Recently a friend said to me with frustration in her voice: “Where is it written, that pizza and cake is what we should serve our kids at a birthday party?” Considering the fact that was the menu at the last kid’s birthday party I hosted, I had to search hard for an appropriate response. And, mentioning that in addition to the cake I offered an optional cupcake followed by a goody bag with candy, was not the way to go. I felt guilty. I know the difference between healthy and unhealthy food. “Why don’t my actions always reflect that?” I wondered. I was sure of one thing though: the conflict between what we know about nutrition and what we practice is a dilemma faced by many parents.
Unfortunately, the birthday party scenario is just one example and every day we witness similar actions in other settings. For instance, let’s take a look at lunches at some schools across the country. These days there is quite a bit of emphasis on offering children a meal that consists of the right amount of servings from all the food groups. We even have physical education and health teachers informing the children about how to read food labels and how to make the “right” choices. However, at my son’s school, right along with a healthy lunch option, some days there is pizza, or bagel with cream cheese alternative. That hardly sounds like a wholesome lunch for a child. And how reasonable is it to expect elementary school children to eat chicken and green beans when they can enjoy a juicy, warm slice of Domino’s?
One place that you’d think would serve as an example of encouragement in proper nutrition is the youth sports programs arena. After all, one of the reasons parents want their kids to participate in these activities is to teach them healthy habits. But as some research has shown, this is not always true. In a study published in the July/August issue 2012 of the Journal of Nutrition Education and Behavior, University of Minnesota researchers concluded that the youngsters commonly had sweets, pizza, hot dogs, salty snacks, soda, and sports drinks. “The food environment in youth sports exposes kids and their families to many unhealthful foods and beverages and few healthful options,” principal investigator Toben Nelson said in a journal news release. “Youth who participate in sports spend considerable time in these activities outside of school, and these sports environments are likely to influence their eating behavior.” Since my son has been swimming for the past seven years, my husband and I have had a number of occasions to witness this behavior first-hand. Last year our swim club invited a nutrition expert to address parents about helping kids make healthful choices. Yet, on several occasions we have watched our son stuffing a doughnut or two after Saturday morning practice. At first, I convinced myself that since it doesn’t happen every weekend, it’s alright. But now I wonder whether it’s truly the best way to reward for a job well done.

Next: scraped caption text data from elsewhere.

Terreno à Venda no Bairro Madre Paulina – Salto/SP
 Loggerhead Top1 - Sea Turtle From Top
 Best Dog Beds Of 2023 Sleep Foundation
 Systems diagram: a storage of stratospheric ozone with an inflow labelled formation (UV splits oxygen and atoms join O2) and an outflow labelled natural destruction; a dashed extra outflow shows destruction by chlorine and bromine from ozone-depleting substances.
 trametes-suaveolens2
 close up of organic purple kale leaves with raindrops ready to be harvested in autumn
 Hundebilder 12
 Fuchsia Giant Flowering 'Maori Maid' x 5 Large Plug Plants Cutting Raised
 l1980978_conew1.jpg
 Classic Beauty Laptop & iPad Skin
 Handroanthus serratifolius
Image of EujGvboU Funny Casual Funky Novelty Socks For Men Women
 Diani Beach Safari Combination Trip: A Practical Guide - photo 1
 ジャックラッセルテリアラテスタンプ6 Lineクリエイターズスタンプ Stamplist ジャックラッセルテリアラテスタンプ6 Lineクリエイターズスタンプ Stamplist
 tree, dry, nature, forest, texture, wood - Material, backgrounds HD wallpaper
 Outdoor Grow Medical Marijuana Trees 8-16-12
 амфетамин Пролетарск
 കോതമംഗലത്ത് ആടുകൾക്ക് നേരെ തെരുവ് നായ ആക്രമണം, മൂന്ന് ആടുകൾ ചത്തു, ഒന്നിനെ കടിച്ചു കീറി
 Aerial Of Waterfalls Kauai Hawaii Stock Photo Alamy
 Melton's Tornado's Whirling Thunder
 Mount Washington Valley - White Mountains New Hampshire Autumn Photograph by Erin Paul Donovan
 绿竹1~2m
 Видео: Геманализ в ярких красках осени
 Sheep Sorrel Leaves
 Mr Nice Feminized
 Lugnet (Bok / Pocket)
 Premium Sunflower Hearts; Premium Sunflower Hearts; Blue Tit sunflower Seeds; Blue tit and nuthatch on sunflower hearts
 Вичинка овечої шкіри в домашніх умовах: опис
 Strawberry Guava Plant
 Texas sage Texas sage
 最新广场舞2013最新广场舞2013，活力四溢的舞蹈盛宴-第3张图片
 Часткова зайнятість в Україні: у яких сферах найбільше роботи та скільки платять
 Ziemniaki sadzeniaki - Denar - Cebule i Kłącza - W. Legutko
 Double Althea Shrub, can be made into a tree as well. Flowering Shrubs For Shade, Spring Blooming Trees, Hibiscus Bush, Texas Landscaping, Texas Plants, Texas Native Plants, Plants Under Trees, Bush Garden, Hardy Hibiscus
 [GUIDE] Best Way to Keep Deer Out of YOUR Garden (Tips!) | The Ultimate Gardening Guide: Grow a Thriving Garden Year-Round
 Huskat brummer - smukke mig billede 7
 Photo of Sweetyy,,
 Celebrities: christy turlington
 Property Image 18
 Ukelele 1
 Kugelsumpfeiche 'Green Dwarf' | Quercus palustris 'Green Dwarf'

I think that it’s easy for parents to say that even though we know what’s good and what’s bad, it’s ok to allow for “goodies” on special occasions in moderation. But between teachers rewarding kids with candy, in-school and weekend birthday parties, and unhealthy snacks provided by some parents at the end of sporting events, it seems that every day is “special”. And when you have three parties in one month, what’s a parent to do, pack up some broccoli for the third one? Of course we can try to convince ourselves to view it as a “teaching moment”, but isn’t it better to be more mindful, creative, and (do I dare to say!), eliminate these options all together (at least from the school)?
I am not trying to diminish the effort that has been made. There is definitely more discussion on the subject today and we have come a long way. We are teaching kids about nutrition. Still, as my not-so-carefully-selected menu from my son’s birthday reflects, I am far from perfect. Putting structure around pizza, cupcakes, and candy is not an easy task. Let’s face it, our kids are used to it. It tastes good and it is certainly a safe choice that puts a big smile on their faces. But I do think that there is room for improvement in theconsistent implementation of the “nutrition message” our kids are getting from all the adult figures in their lives. Maybe now is the time to break out of the pizza box?